Activity: When you repeat the listing below, keep every word exactly and leave out each picture.

Information provided:

============================================================

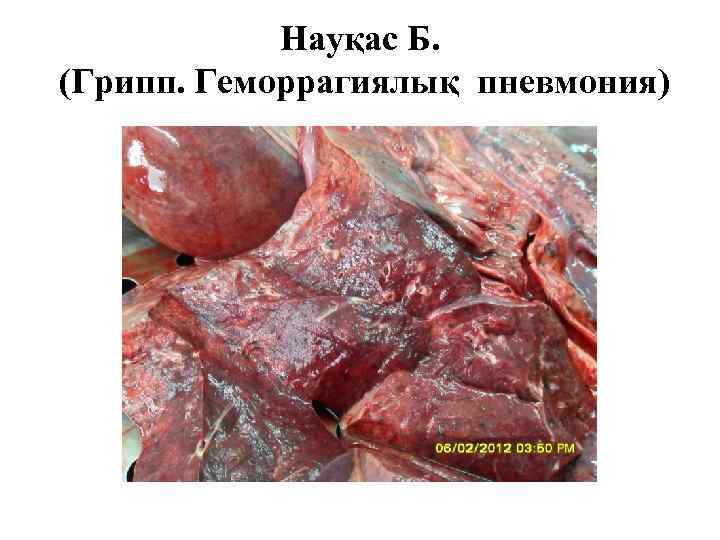   Науқас Б. (Грипп. Геморрагиялық пневмония) 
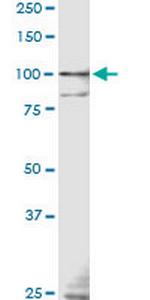 TLR9 Antibody in Western Blot (WB)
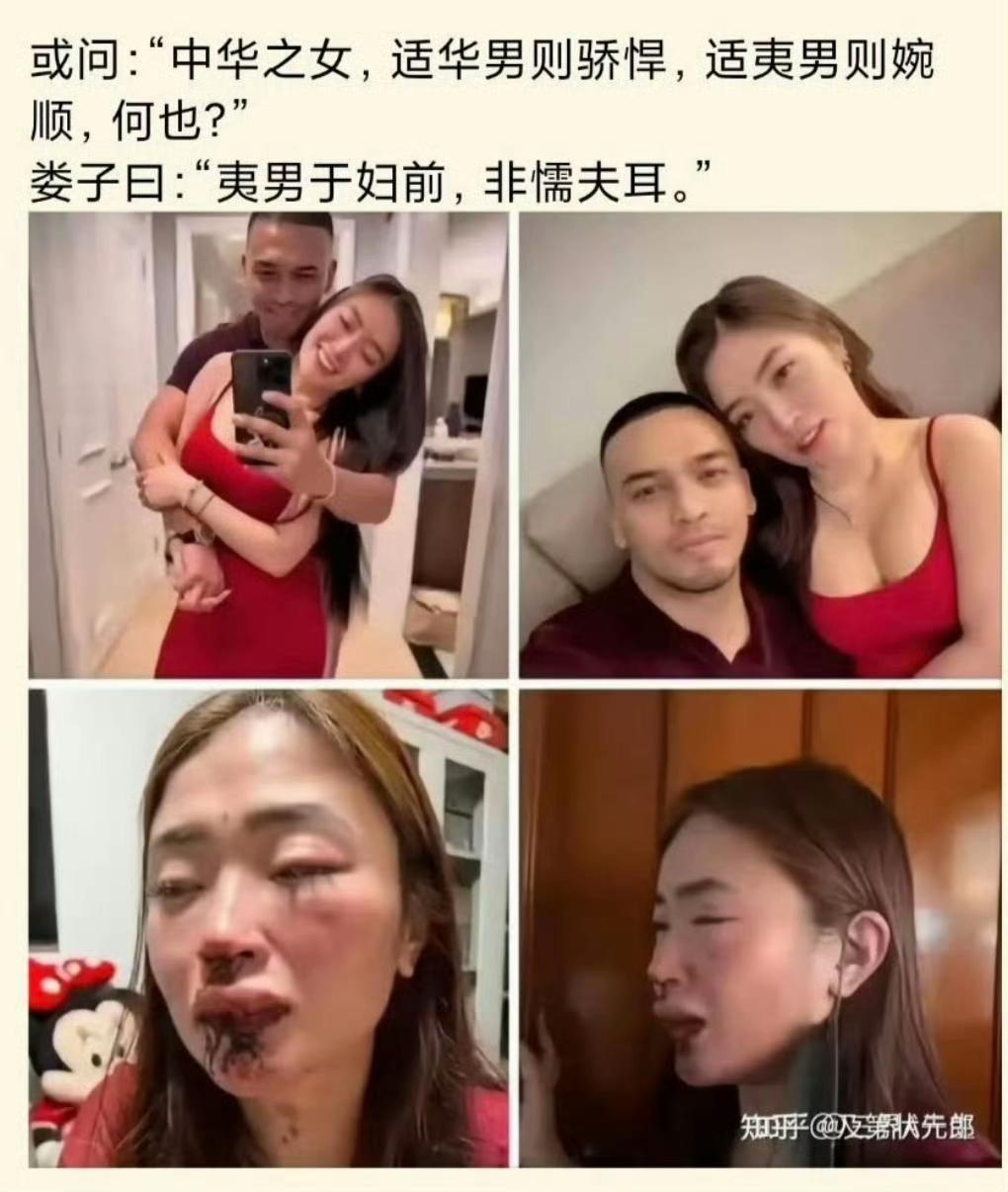 还是西药见效快！[呲牙][呲牙][呲牙]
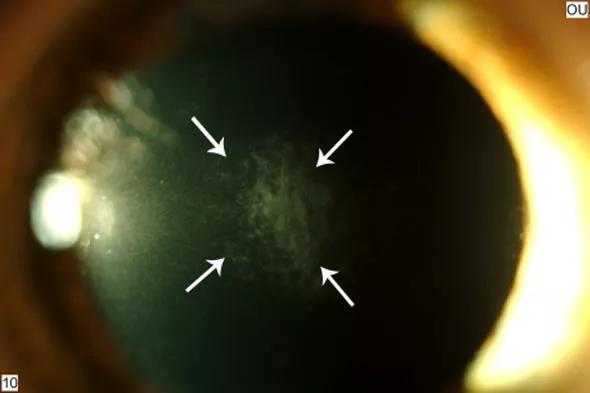 eye corneal scarring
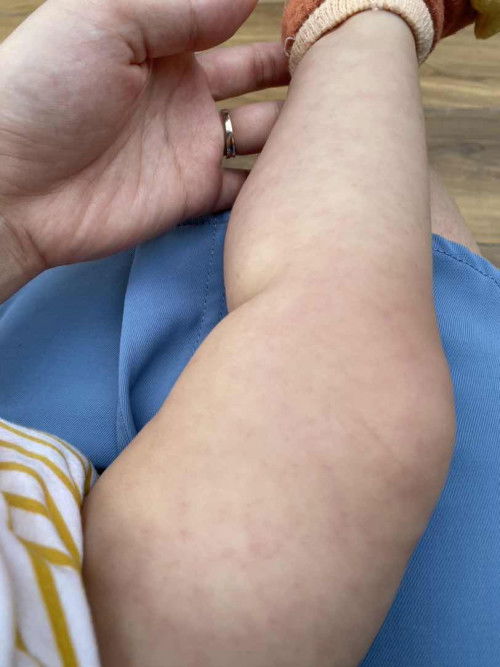 Red spots all over body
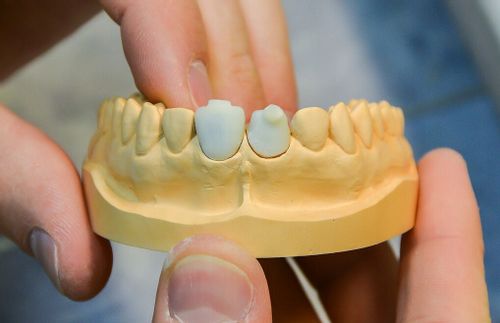 Silikon platinum dla techników dentystycznych 6 kg na Arena.pl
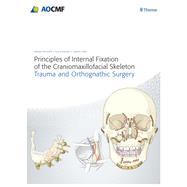 Principles of Internal Fixation of the Craniomaxillofacial Skeleton
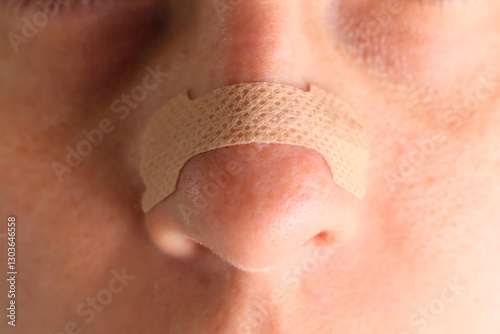 Woman with a nasal strip in the nose apply. Close view of a nasal strip in the nose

============================================================

Reply to the task:
   Науқас Б. (Грипп. Геморрагиялық пневмония) 
 TLR9 Antibody in Western Blot (WB)
 还是西药见效快！[呲牙][呲牙][呲牙]
 eye corneal scarring
 Red spots all over body
 Silikon platinum dla techników dentystycznych 6 kg na Arena.pl
 Principles of Internal Fixation of the Craniomaxillofacial Skeleton
 Woman with a nasal strip in the nose apply. Close view of a nasal strip in the nose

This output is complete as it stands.